En la presente semana ocurrieron dos sucesos de gran importancia en el Tribunal Constitucional (TC). El primero es un cambio en el reglamento de esta institución, el cual reduce de cinco a cuatro los votos para establecer precedentes vinculantes o sentencias interpretativas. El segundo es la audiencia por el caso de la primera dama de la Nación, Nadine Heredia. ¿Cuál es la relación entre ambos sucesos? Aparentemente, a partir de ellos, la prensa ha declarado que este cambio en el reglamento buscaría beneficiar a la primera dama, en tanto solo se necesitarían cuatro votos para declarar fundado el hábeas corpus presentado por ella, y así evitar que la investiguen por el delito de lavado de activos. Frente a esta situación, el presente editorial busca aclarar esta situación y dejar en claro por qué algunos medios de comunicación están equivocados en sus afirmaciones.

Para empezar, es menester explicar el cambio normativo del TC y los debates que surgen a partir del mismo. Por medio de la resolución administrativa Nº 138-2015-P/T, publicada en El Peruano el 14 de octubre, el TC modificó el artículo 10 de su reglamento. Mediante esta modificación se ha dispuesto que, para aprobar un precedente vinculante o emitir sentencias que establezcan interpretaciones vinculantes sobre el contenido normativo de las disposiciones con rango de ley en los procesos de inconstitucionalidad, solo se requieren cuatro votos en un mismo sentido en lugar de cinco. Conforme a los magistrados Espinosa Saldaña, Blume Fortini, Miranda Canales y Ramos Nuñez, la razón de esta modificación se sustenta en que facilitaría la aplicación de estas herramientas, lo cual resulta conveniente para la adecuada marcha del Tribunal Constitucional y el cabal cumplimiento de sus roles institucionales. Asimismo, en tanto no existe ninguna regla en la Constitución, la Ley Orgánica o en el reglamento donde se estipule la cantidad de votos que se requieren para esta facultad, dicho cambio es plenamente constitucional y legítimo.

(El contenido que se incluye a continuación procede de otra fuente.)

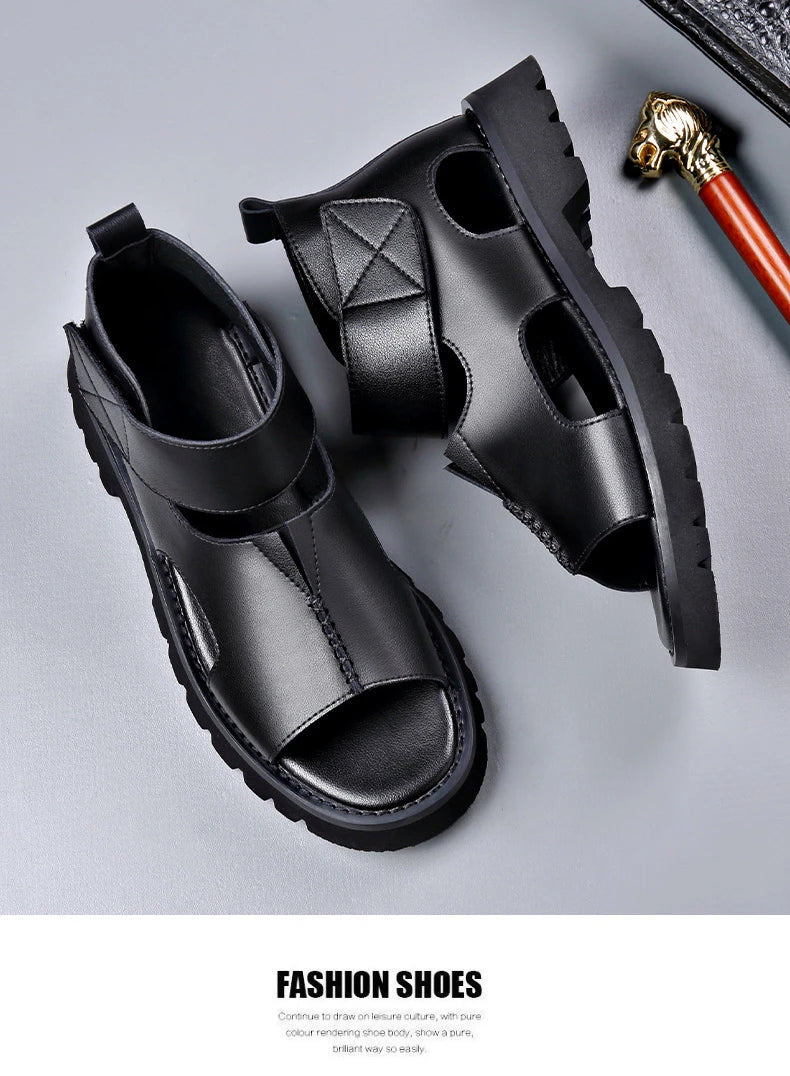 Cow Leather Sandals for Men 2025 Summer New Designer Big Size Increase Roman Beach Shoes Male Fashion Casual Black Sandals Man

Ahora bien, debe quedar claro que esta modificación y los debates generados en torno a ella, son un tema completamente distinto al caso de Nadine Heredia. Como se recuerda, la primera dama de la Nación presentó un hábeas corpus contra el fiscal Ricardo Rojas, en tanto su defensa consideraba que se habría afectado el derecho constitucional al debido proceso al reabrir la investigación por el delito de lavado de activos que fue archivada en el 2010 y que tiene naturaleza de cosa decidida. Esta demanda fue declarada fundada por el 43º Juzgado Penal de Lima en junio de este año y, en consecuencia, la Fiscalía no pudo continuar con sus investigaciones. Ante esta situación, mediante un Recurso de Agravio Constitucional (RAC), se acudió al Tribunal Constitucional para que defina como última instancia la decisión final de este proceso. Para ello, se necesitaría mayoría simple, es decir, solo cuatro votos, toda vez que el asunto está siendo analizado por el Pleno del Tribunal.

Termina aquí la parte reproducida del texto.